Hefeweizen is a beloved beer all over the world. It’s a well-balanced, drinkable beer that’s ultra-refreshing on a hot summer day. Wondering how to brew a Hefeweizen at home? We’ve got you covered.
Brewing a Hefeweizen starts with a large share of wheat malt (at least 50%) and pale barley malt. Grains are mashed using a decoction method that adds body and foam stability. German hops are added at the boil to add a slight bitterness. German yeast strains add the bready, banana, and clove flavors and aromas.
Read on to learn what a Hefeweizen is, its history, and how to brew it in the traditional Bavarian style.
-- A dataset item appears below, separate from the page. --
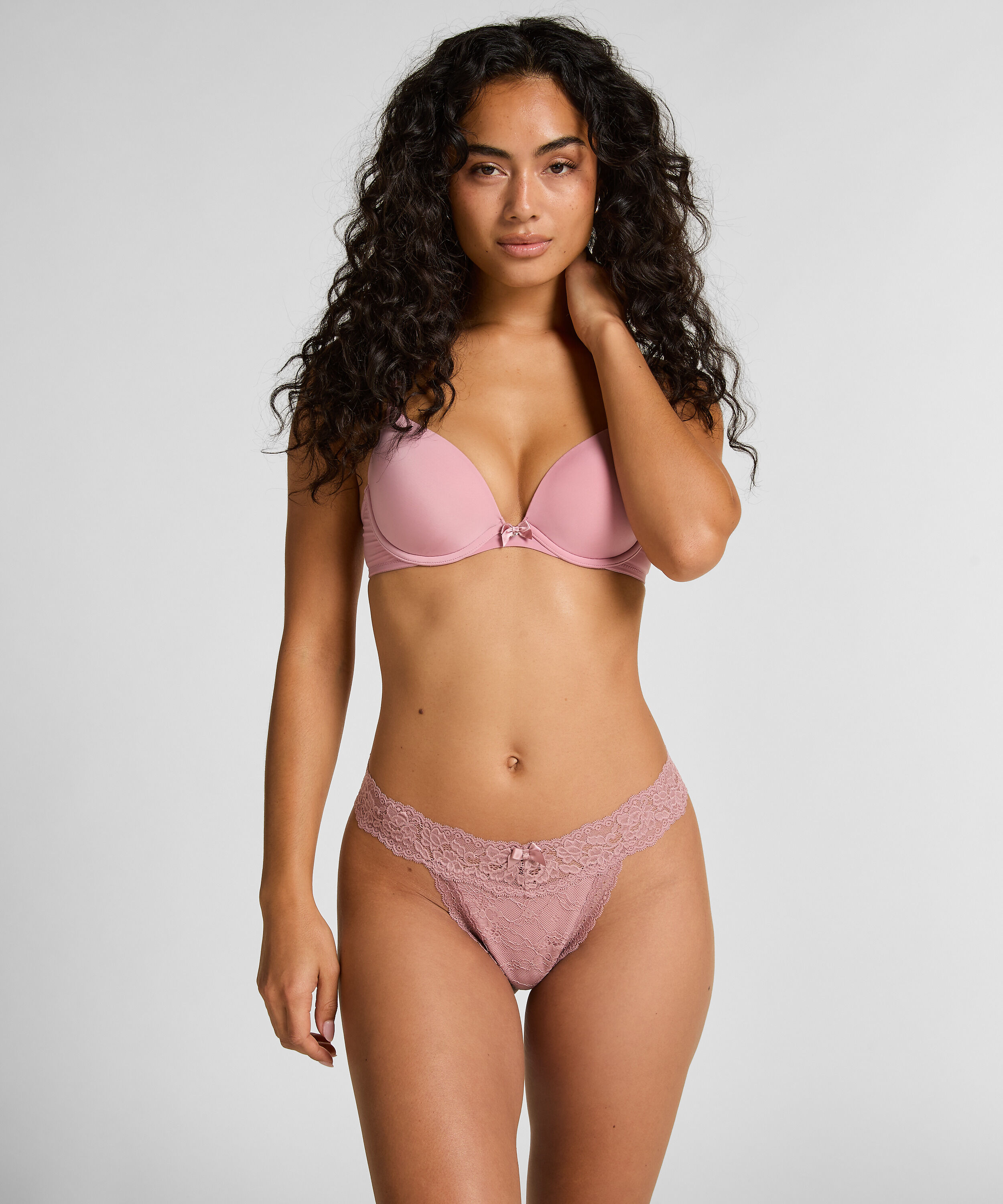 String Madison, Paars String Madison, Paars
There’s even an example recipe at the end for you to try!
What is a Hefeweizen?
Hefeweizen is a type of German Weissbier or “white beer” (an unfiltered, top-fermented wheat beer). Its name literally translates as “yeast wheat,” which accurately describes its essence.
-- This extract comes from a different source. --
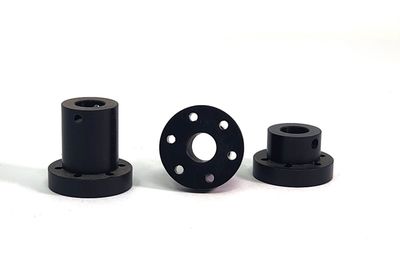Delrin 8mm Hubs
Hefeweizen features a hazy, straw to golden-orange color with a heavy wheat character. It imparts a bready sweetness and little to no perceptible bitterness. Hefeweizen is celebrated for its perceived banana and baking spice flavors. It’s medium-bodied, moderate-to-highly carbonated with a fluffy mouthfeel and a dry finish.
Here are the basic characteristics of a classic Hefeweizen:
- Color – Straw to orange colored, hazy or cloudy
- Common flavor – Bready, lightly sweet with clove, nutmeg, banana, and low bitterness
- Aroma – Bready with strong to mild spice and banana aromas with hints of fruit
- Mouthfeel – Medium-bodied, highly carbonated, fluffy mouthfeel with a dry finish
- IBUs (Bitterness) – 10-15 IBU
- ABV – 4.6-5.8%.
History of the Hefeweizen style
In April 1516, Duke Wilhelm V of Bavaria banned the use of wheat in beer brewing. Brewers must use only hops, barley, and water according to the German Reinheitsgebot, or purity law. For a couple of decades afterward, Germany’s popular Weissbier was out of production.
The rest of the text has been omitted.